Industry leadership calls for quality tools
Independence operates six recycling facilities in Florida (Jacksonville, Orlando, Lakeland, Tampa, Punta Gorda, Fort Myers) and two in Ohio (Cleveland and Valley View). Local building and excavation contractors, as well as Independence Excavating, truck in concrete/asphalt rubble and C&D debris to the recycling sites, where they are crushed into various marketable materials for the construction industry. Normally, the trucks leave with loads of crushed materials
In addition the company does contract crushing at customer job sites and has worked in 24 states. "We'll go just about anywhere to crush concrete, asphalt and many types of virgin rock such as limestone, sandstone and granite – from several thousand tons to millions," said Ron Brocco, Vice President. "Currently, we're doing two sand-gravel jobs in West Virginia, a quarry job in Illinois, and various crushing jobs with rubble and limestone in Ohio, Pennsylvania and Virginia. We believe we are one of the biggest companies of our type in North America."
The company's goal is to be the leader in portable crushing and recycling. This requires an investment in quality equipment. "We started in business basically using a Grasan recycling spread 30-some years ago and we've stayed with Grasan equipment ever since for larger applications requiring about 300 to 500 tons per hour (tph) production," Brocco noted.
"For smaller jobs up to 150 or 250 tph, we use our own Irock impact crusher plants that are fabricated by our Indy division here in Independence, OH," he continued. "Irock crushers are compact, self-contained, easily mobilized, closed-circuit plants that fit nicely into cramped sites where there are smaller tonnages to be crushed."
Currently, Independence owns seven portable Grasan crushing plants, including 1515, 1315 and 1313 impactors, as well as three portable Irock impactor units, one tracked jaw crusher, and two portable jaw/cone systems. "We're basically impactor people," Brocco explained. "We have the portable jaw/cones and a couple of stationary jaw/cones for granite and other really hard rock applications.
"We use medium chrome blow bars in the impactors about 80% of the time. Sometimes we use two and sometimes four blow bars, depending on the type of material being crushed. Sometimes we experiment," he stated. "On one limestone contract job recently, we started with two blow bars and later switched to four because we felt we could improve production and reduce maintenance costs."
"Blow bar replacement time varies with the material we're crushing. With medium soft limestone, for example, we can sometimes get 100,000 tons from a set of blow bars, turning them at 25,000 tons or so. Harder materials will wear the bars faster, of course," he said.
Buy quality, then maintain it
Equipment maintenance is an essential part of Independence Recycling's management strategy. "One of our Grasan 1313 spreads was purchased in the late 1980s and is still going strong," Brocco exclaimed. "When you buy top quality crushing equipment and take care of it, it lasts a long time. Otherwise, it can be junk in a year."

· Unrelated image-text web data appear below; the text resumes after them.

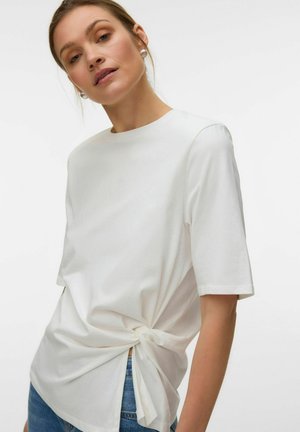 Femme portant un haut blanc à manches courtes avec un nœud sur le côté, associé à un jean bleu, posant devant un fond clair uni.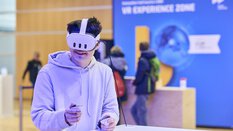 Mann testet eine Virtual-Reality-Anwendung mit Headset und Controllern in der VR Experience Zone auf der bauma 2025.
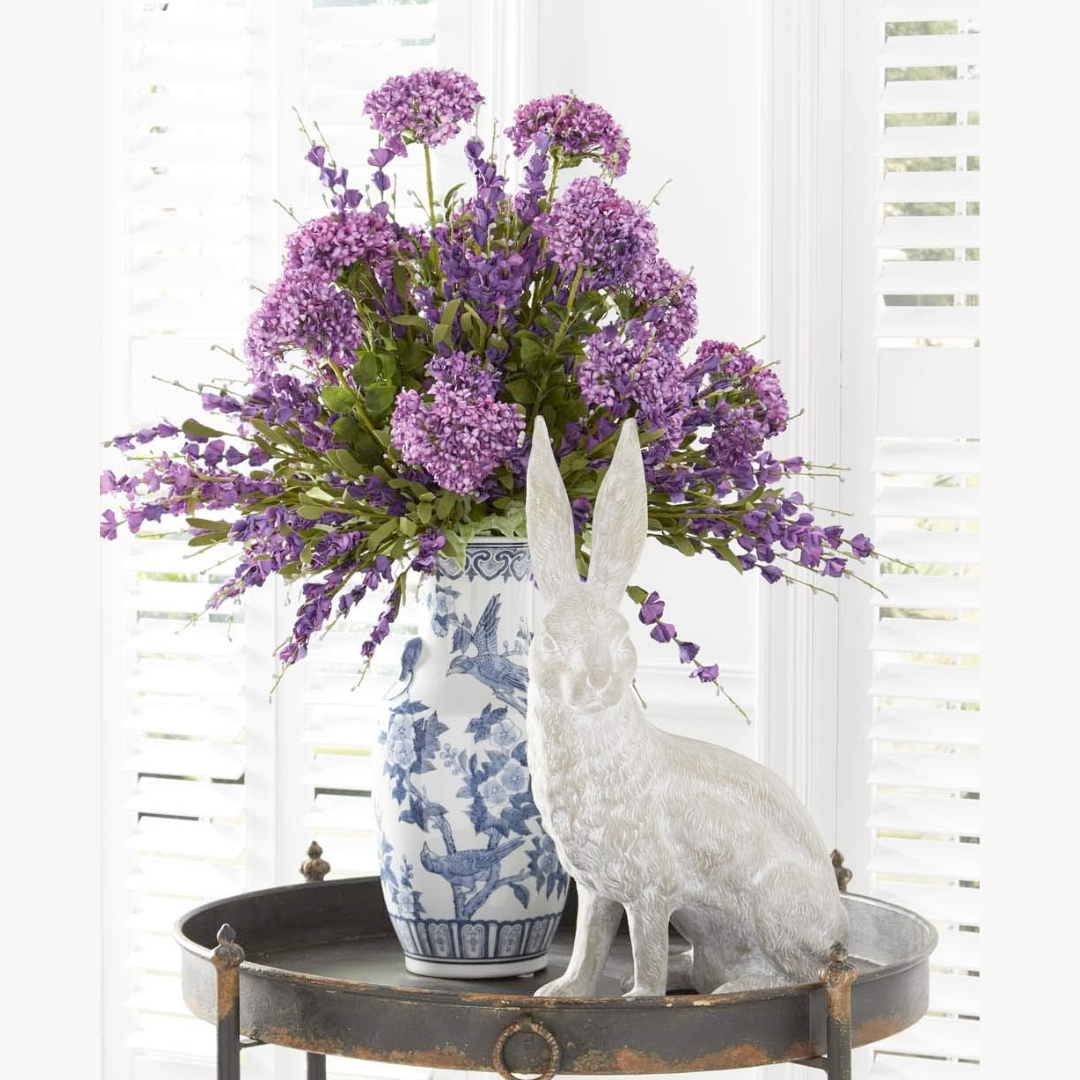 A decorative artificial Deep Purple Lavender Spray with lush green foliage in a blue and white vase, displayed on a metal tray with a white rabbit figurine.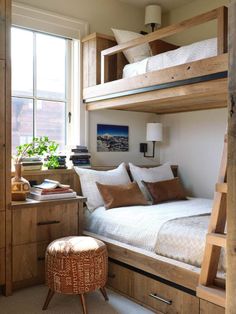 a bedroom with bunk beds and drawers in the corner next to a window that has a plant on it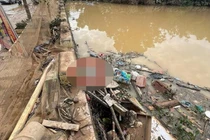 Phát hiện thi thể người đàn ông dưới hồ nước sau lũ 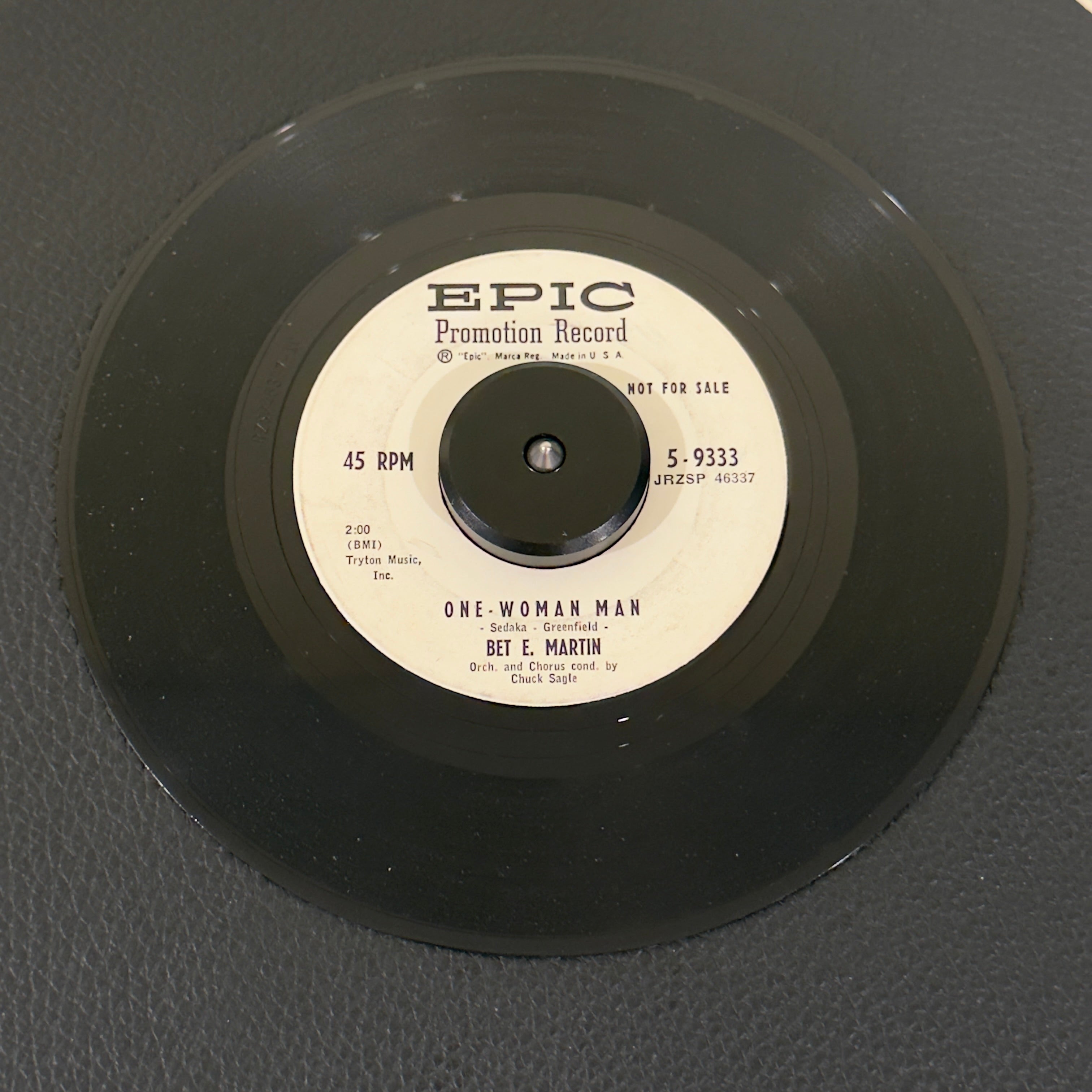 7" vinyl record by Martin, Bet E. featuring "One-Woman Man/Maybe You'll Be There", released on Epic (2714970), in VG (Very Good) condition, classic analog collectable for turntable playback. Vintage 1959 Rock Promo in generic white sleeve.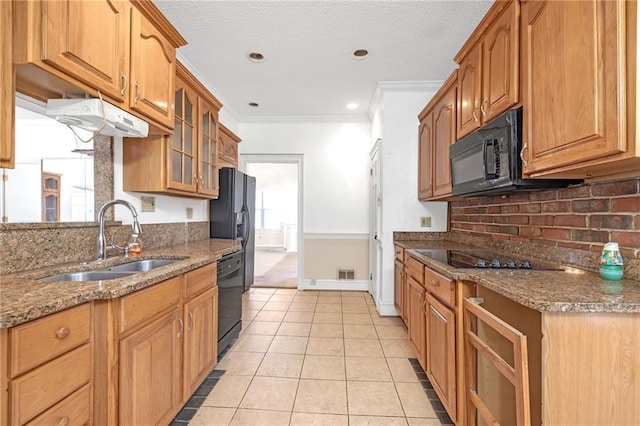 kitchen with glass insert cabinets, stone counters, black appliances, a sink, and light tile patterned flooring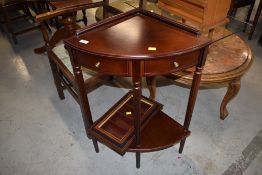 A reproduction mahogany effect corner hall table having dummy drawers, and a small display case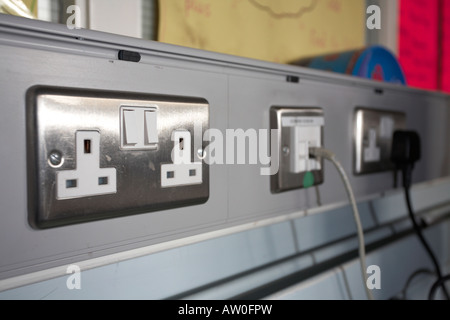 uk three pin polished metal double electrical socket and internet connection in service conduit in a classroom belfast Stock Photo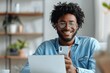 © btiger - Cheerful Young Entrepreneur Using Phone at Office Desk in Casual Attire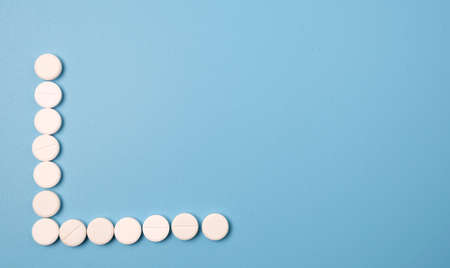 Close up of many white pills on blue background.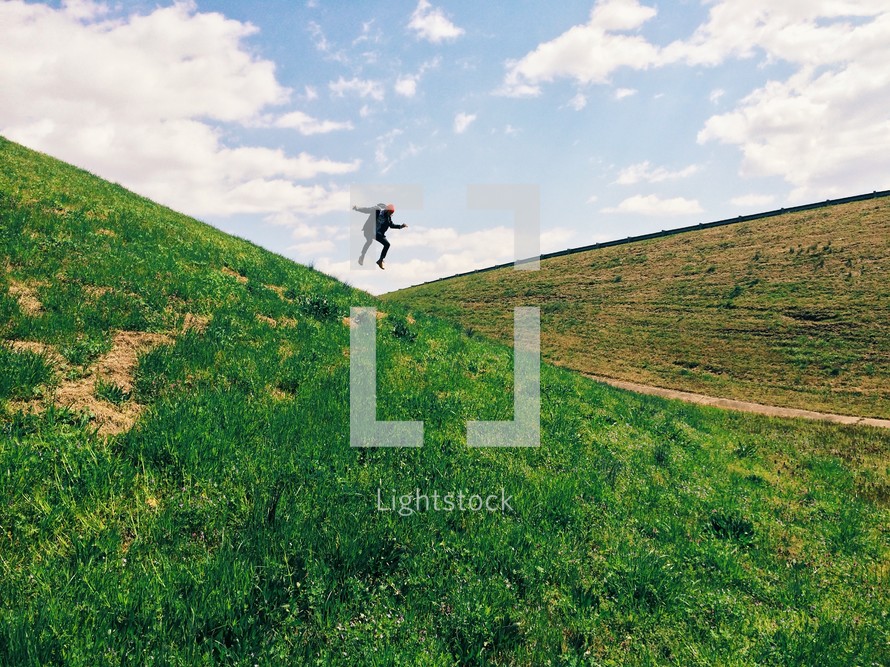 man jumping on a hill 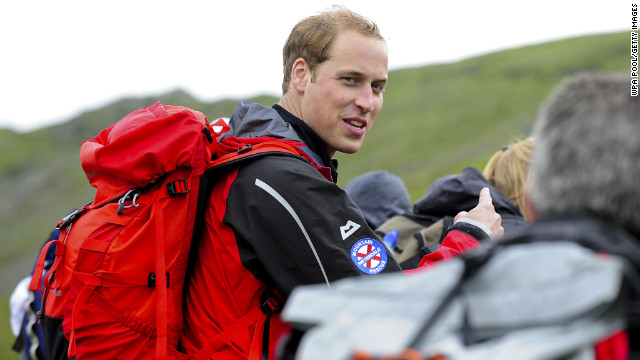 Prince William walks with a group of homeless people during a 2009 hike with Centrepoint, the United Kingdom's largest youth charity for the homeless. William became the patron of the organization in 2005.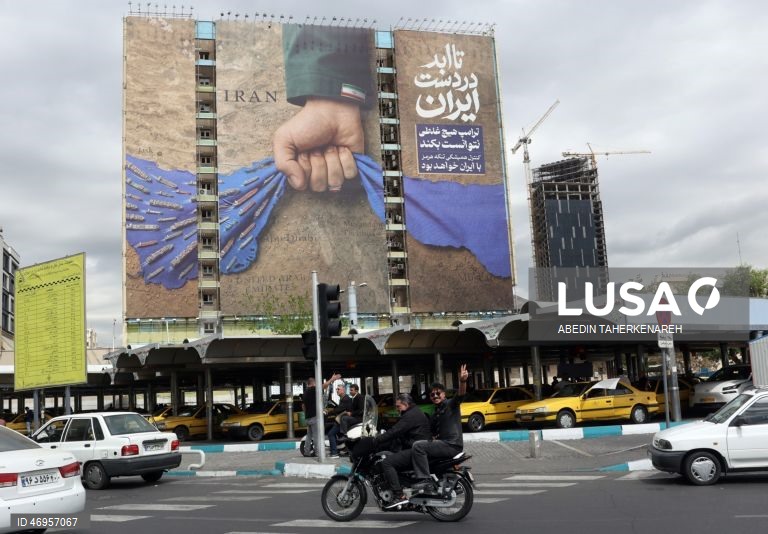 Iranianos passam por um cartaz publicitário de grandes dimensões referente ao Estreito de Ormuz, com a inscrição em persa «Para sempre nas mãos do Irão», numa praça em Teerão, Irão. As tensões entre os Estados Unidos e o Irão continuam, enquanto o Estreito de Ormuz permanece bloqueado.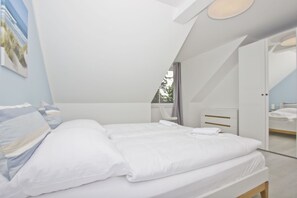 A modern bedroom with a large bed, a bedside table, a chair, and a wardrobe. - Modern vacation apartment with garden - Haus Inselwind FeWo MEERbucht - House (Gager)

Typical maintenance for Independence Recycling consists of following manufacturer recommendations plus the company's own established daily procedures, especially with the crusher. After every 10 hours of operation, the crew opens the impact crusher and checks it over carefully for wear or damage. If they see a problem or potential future problem in the making, they can make timely repairs instead of emergency repairs.
"If you don't check often enough or ignore the problems, you're going to be faced with extensive, expensive, not-so-timely repairs sooner or later," Brocco warned.
"Another thing: don't buy equipment based only – or even primarily – on the initial purchase cost. If you do, you're asking for trouble," Brocco emphasized. "You have to consider what it's going to cost to operate and maintain the equipment annually over a period of years, plus what re-sale value you can expect. You need to consider maintenance procedures, parts availability, service availability when you need it, and what are the odds of the greatest profit killer in the crushing industry – unplanned downtime? A good equipment supplier can help you determine these things before you buy. And it's wise to talk to people who are currently using the manufacturer's equipment you're considering, if you don't have experience with it yourself.
As Brocco pointed out, "A lot of people just can't get past the initial purchase cost. With all the equipment we buy, our philosophy is always value first. The initial cost is important, obviously. But quality for the money is king. If you buy quality equipment, you'll be glad while you're using it and glad when you sell it or trade it in, because it will still be valuable."